• **EXERCISE OBJECTIVE**: Find the line with "Volcom Longhorn Insulated" in the records below. Copy it and every line after it, up to and including the line with "Mirabilia The Cottage".

• **MATERIAL SUPPLIED**:
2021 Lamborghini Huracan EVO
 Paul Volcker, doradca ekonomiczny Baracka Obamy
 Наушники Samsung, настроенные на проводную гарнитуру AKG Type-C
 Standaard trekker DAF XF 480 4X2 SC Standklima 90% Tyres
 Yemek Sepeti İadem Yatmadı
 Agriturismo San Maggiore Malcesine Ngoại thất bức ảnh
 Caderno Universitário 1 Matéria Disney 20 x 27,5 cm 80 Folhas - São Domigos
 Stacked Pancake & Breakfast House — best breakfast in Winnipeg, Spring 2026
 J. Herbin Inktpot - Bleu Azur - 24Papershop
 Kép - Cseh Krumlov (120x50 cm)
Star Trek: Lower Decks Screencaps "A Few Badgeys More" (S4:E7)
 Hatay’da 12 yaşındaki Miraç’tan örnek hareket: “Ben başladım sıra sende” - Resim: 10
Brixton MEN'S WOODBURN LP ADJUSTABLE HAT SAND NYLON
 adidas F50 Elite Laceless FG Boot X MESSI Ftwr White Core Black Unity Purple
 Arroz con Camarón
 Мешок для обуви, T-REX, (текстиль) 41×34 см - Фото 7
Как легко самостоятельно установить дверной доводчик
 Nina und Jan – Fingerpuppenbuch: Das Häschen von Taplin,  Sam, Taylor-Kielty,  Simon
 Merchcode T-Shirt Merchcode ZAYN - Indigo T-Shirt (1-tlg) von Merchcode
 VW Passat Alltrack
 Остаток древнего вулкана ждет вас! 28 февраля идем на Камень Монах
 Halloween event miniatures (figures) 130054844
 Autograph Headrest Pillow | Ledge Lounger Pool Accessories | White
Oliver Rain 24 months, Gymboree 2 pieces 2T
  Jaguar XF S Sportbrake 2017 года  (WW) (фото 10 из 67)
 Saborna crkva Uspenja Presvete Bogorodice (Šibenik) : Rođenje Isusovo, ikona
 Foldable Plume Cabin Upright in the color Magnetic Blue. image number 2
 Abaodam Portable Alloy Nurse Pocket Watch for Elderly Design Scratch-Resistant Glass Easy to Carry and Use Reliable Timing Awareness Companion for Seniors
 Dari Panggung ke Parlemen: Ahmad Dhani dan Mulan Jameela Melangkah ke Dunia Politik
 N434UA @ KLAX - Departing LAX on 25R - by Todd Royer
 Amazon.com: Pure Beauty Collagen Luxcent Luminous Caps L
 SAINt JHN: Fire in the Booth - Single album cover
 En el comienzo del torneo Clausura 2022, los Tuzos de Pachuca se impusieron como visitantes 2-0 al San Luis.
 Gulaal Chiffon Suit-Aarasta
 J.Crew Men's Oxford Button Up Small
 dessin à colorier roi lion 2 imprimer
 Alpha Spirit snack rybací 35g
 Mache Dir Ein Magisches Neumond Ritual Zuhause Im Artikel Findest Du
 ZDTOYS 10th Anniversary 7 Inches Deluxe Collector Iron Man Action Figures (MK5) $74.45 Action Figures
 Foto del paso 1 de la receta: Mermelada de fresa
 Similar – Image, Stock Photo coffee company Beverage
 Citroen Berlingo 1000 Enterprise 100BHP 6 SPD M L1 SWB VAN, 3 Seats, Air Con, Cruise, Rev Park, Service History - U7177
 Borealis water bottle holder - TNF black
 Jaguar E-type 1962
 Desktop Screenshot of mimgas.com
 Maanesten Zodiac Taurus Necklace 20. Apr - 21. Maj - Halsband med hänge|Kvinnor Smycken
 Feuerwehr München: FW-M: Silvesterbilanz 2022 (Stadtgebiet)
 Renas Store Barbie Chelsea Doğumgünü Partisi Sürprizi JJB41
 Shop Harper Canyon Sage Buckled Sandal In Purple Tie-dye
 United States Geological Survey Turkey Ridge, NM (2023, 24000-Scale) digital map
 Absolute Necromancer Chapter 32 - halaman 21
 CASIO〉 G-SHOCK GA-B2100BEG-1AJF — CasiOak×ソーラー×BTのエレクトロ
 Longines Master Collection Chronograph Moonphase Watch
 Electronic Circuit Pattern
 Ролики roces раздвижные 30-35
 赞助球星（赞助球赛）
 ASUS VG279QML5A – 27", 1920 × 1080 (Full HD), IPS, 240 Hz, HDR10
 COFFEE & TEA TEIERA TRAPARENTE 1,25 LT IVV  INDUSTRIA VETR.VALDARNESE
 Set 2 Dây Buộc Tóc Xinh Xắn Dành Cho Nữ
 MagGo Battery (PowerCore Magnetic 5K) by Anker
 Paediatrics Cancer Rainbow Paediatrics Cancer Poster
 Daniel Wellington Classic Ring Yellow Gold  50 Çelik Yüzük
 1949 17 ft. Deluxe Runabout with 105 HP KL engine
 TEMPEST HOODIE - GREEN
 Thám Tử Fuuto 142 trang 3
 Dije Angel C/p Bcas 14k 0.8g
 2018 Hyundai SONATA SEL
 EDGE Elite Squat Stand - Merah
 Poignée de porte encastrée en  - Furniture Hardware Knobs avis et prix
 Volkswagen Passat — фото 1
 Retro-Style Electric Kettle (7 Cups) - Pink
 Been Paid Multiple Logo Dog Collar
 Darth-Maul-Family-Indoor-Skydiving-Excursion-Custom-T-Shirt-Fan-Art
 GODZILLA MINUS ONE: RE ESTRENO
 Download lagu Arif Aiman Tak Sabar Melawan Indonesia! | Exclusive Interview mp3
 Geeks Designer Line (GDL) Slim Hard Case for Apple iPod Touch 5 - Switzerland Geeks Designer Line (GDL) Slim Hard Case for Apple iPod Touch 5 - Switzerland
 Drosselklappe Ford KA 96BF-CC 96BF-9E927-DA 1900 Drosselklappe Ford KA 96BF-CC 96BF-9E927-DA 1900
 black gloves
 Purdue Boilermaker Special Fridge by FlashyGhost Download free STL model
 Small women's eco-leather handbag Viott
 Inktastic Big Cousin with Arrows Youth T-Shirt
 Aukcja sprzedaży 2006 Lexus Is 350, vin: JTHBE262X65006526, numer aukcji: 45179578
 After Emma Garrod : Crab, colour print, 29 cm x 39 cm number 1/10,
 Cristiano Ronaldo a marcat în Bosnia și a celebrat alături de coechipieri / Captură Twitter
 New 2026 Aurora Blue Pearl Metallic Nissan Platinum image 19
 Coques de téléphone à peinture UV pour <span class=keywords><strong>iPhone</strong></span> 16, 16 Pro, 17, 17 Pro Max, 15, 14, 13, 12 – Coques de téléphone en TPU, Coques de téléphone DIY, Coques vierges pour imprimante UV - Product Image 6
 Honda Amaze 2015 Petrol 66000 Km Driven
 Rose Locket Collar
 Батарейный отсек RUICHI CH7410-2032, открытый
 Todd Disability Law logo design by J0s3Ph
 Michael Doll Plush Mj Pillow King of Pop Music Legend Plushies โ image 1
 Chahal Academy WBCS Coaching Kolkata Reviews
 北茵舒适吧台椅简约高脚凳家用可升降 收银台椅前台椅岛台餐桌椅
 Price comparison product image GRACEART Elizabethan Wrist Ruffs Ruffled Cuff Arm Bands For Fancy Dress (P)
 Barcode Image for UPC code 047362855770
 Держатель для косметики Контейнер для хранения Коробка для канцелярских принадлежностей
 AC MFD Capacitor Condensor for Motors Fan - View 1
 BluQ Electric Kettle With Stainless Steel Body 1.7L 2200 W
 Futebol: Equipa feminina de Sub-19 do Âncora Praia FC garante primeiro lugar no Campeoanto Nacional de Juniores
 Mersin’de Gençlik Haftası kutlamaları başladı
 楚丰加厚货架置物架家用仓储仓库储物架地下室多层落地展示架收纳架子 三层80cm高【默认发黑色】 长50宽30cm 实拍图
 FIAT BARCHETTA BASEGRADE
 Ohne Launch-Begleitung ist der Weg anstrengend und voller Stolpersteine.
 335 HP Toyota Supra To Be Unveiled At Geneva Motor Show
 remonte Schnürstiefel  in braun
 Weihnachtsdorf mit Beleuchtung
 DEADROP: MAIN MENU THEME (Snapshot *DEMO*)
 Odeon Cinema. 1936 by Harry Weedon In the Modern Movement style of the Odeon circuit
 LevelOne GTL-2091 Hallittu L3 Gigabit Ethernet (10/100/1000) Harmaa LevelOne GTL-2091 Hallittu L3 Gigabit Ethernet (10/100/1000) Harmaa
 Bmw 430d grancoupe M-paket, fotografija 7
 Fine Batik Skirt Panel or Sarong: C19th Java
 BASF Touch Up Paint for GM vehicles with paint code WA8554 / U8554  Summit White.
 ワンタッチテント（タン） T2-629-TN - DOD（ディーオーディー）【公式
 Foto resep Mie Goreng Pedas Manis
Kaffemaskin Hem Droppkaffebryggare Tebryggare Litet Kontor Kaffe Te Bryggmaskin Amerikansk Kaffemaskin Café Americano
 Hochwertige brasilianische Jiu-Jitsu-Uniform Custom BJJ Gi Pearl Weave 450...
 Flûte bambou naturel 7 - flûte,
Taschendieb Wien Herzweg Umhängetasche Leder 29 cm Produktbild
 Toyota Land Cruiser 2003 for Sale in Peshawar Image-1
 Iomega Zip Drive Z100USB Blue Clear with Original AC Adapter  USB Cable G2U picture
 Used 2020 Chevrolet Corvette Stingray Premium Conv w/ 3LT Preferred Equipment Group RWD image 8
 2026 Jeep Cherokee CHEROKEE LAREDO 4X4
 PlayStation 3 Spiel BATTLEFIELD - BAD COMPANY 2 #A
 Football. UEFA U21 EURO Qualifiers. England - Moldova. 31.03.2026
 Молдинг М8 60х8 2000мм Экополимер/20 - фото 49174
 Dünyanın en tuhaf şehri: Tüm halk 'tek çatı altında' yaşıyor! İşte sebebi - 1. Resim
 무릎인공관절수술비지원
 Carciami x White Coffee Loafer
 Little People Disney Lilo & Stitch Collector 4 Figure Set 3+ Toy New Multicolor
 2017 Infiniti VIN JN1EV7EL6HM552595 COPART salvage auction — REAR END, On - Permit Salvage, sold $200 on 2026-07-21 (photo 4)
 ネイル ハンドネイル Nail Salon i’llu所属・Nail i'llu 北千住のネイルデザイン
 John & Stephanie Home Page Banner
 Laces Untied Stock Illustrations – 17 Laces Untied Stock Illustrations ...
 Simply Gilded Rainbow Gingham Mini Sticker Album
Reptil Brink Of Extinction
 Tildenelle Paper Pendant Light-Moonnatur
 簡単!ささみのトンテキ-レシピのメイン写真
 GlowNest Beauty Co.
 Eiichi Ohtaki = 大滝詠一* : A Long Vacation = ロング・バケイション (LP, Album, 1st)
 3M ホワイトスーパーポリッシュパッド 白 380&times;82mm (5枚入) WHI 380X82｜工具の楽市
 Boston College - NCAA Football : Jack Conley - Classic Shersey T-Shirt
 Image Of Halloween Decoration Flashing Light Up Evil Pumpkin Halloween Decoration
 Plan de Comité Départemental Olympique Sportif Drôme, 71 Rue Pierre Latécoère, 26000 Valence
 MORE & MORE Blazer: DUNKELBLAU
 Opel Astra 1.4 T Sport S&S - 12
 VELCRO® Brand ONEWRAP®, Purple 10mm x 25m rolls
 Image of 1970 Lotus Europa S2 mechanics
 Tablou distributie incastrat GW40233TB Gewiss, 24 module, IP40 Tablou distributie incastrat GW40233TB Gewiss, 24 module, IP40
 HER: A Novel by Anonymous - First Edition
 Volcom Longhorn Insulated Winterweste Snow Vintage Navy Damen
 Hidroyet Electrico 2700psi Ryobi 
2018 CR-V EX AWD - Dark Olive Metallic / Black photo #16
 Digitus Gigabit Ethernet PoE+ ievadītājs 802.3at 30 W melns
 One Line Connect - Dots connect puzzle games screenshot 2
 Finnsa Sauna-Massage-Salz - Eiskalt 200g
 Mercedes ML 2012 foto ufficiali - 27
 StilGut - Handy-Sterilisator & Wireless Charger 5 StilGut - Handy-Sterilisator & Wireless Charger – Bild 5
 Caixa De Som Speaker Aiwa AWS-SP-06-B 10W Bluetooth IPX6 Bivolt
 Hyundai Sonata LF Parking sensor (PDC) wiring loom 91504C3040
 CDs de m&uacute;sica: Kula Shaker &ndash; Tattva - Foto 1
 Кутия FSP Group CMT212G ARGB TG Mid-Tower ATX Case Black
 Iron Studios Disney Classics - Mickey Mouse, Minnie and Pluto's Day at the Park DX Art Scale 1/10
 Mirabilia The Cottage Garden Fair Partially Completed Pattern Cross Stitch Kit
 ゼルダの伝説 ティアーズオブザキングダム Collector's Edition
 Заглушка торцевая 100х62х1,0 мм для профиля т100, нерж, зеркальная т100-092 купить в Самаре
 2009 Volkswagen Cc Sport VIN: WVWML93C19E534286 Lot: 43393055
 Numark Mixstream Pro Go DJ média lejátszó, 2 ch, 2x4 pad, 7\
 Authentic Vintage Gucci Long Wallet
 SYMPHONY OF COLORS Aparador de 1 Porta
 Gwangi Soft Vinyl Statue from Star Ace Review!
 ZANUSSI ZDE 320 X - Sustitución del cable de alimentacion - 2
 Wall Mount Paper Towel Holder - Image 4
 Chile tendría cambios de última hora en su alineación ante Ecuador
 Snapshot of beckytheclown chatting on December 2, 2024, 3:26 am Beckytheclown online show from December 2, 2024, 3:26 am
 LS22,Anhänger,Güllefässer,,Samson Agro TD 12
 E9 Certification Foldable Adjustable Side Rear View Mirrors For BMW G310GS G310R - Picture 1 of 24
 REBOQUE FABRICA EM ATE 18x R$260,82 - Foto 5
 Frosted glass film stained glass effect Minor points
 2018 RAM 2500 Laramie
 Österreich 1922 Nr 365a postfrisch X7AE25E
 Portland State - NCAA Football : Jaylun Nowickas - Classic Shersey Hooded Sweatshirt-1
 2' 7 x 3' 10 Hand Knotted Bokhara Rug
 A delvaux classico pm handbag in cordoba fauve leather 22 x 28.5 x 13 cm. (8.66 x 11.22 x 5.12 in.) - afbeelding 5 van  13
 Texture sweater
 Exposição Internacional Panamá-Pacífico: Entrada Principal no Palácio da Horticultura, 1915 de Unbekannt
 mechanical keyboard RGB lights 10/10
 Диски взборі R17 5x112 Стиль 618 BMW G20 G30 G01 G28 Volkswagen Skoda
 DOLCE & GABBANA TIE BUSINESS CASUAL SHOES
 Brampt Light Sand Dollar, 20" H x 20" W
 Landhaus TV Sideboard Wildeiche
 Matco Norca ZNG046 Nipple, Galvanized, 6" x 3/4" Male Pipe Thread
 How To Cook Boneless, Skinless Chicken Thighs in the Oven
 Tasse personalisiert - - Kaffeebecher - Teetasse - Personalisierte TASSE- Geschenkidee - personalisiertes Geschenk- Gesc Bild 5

• **PROBLEM SOLUTION**:
 Volcom Longhorn Insulated Winterweste Snow Vintage Navy Damen
 Hidroyet Electrico 2700psi Ryobi 
2018 CR-V EX AWD - Dark Olive Metallic / Black photo #16
 Digitus Gigabit Ethernet PoE+ ievadītājs 802.3at 30 W melns
 One Line Connect - Dots connect puzzle games screenshot 2
 Finnsa Sauna-Massage-Salz - Eiskalt 200g
 Mercedes ML 2012 foto ufficiali - 27
 StilGut - Handy-Sterilisator & Wireless Charger 5 StilGut - Handy-Sterilisator & Wireless Charger – Bild 5
 Caixa De Som Speaker Aiwa AWS-SP-06-B 10W Bluetooth IPX6 Bivolt
 Hyundai Sonata LF Parking sensor (PDC) wiring loom 91504C3040
 CDs de m&uacute;sica: Kula Shaker &ndash; Tattva - Foto 1
 Кутия FSP Group CMT212G ARGB TG Mid-Tower ATX Case Black
 Iron Studios Disney Classics - Mickey Mouse, Minnie and Pluto's Day at the Park DX Art Scale 1/10
 Mirabilia The Cottage Garden Fair Partially Completed Pattern Cross Stitch Kit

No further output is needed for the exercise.